Frye often is on the losing end of lopsided City Council votes. In 2002 she was the lone dissenter in a vote to enhance retirement benefits -- one that Murphy said he regretted. She boycotts some closed-door meetings to protest what she considers a culture of secrecy at City Hall.
Frye's performance on the stump was unpolished. Last week, apologizing for her late arrival before a group at the San Diego Art Institute, she choked up as she explained that a neighbor's health had suddenly deteriorated. Minutes later, she offered unusual ideas about how to spruce up the city -- from playing music at traffic crossings to putting up a moving, octopus sculpture near a traffic-clogged bridge.
"That was about the most rambling, incoherent thing I've ever heard her say, but it was genuine, and I think that's what people wanted to hear," said Steve Hadley, her chief of staff.

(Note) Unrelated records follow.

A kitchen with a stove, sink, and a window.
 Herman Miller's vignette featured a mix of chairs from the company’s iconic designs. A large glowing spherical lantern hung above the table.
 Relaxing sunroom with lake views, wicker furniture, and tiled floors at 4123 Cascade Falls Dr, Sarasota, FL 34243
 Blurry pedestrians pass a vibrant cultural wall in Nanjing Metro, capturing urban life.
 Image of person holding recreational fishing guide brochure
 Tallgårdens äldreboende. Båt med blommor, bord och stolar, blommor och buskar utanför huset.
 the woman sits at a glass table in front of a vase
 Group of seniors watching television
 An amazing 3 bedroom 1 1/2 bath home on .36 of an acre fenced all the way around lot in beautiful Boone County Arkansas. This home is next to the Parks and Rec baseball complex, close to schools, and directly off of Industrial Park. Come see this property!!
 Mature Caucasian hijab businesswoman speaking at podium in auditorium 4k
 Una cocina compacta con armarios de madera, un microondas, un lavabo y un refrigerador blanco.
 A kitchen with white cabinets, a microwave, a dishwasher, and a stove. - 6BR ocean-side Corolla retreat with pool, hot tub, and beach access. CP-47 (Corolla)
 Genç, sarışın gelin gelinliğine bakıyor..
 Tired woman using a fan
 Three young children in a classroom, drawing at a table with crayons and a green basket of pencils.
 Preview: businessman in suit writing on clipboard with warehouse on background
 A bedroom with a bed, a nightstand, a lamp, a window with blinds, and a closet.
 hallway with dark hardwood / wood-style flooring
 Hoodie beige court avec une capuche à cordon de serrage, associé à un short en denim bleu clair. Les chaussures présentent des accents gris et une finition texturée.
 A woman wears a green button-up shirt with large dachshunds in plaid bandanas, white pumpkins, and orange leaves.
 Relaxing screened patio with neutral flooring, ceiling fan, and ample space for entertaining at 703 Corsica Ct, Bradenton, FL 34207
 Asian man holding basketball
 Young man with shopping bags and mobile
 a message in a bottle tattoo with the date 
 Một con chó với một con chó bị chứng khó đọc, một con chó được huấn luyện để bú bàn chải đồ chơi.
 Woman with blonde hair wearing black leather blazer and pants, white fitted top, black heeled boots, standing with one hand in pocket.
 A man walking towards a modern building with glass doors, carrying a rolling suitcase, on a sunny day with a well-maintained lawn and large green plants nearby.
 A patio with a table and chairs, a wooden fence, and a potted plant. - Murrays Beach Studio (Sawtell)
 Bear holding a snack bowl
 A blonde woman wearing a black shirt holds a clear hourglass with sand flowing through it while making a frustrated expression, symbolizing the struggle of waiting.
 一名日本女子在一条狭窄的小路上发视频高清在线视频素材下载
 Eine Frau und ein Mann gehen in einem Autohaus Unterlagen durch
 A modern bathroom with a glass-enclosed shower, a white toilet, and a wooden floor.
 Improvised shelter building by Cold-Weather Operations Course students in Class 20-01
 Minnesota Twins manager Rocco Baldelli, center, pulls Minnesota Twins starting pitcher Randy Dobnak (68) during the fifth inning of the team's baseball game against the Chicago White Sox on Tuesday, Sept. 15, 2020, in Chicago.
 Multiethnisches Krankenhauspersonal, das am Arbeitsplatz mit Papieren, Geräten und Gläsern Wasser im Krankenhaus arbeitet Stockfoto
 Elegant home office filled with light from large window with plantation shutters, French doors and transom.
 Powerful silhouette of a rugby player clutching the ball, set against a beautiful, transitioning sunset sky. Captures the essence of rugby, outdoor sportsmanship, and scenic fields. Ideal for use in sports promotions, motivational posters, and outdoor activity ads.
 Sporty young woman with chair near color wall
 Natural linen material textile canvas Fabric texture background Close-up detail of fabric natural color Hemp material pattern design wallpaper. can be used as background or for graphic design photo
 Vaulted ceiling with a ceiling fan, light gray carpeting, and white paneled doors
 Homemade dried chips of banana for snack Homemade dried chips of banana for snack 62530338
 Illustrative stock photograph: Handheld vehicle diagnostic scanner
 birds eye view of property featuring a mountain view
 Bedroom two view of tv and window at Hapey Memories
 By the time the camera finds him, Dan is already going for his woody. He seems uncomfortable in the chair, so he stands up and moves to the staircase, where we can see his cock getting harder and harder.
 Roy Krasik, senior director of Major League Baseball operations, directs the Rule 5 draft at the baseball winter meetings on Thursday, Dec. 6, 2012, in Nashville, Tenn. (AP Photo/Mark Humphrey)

And as votes were being counted Wednesday, Frye presided over a leisurely-paced news conference wearing a lei of plumerias and promising to help bring San Diego some "aloha spirit." She didn't know if her opponents had called to discuss the results because she spent the morning after the election tending to a water leak at home.
"In my heart of hearts, I'm sure Murphy and Roberts have plumbing problems too, but they don't talk about it," said Hadley. "She just kind of opens her mouth and says things."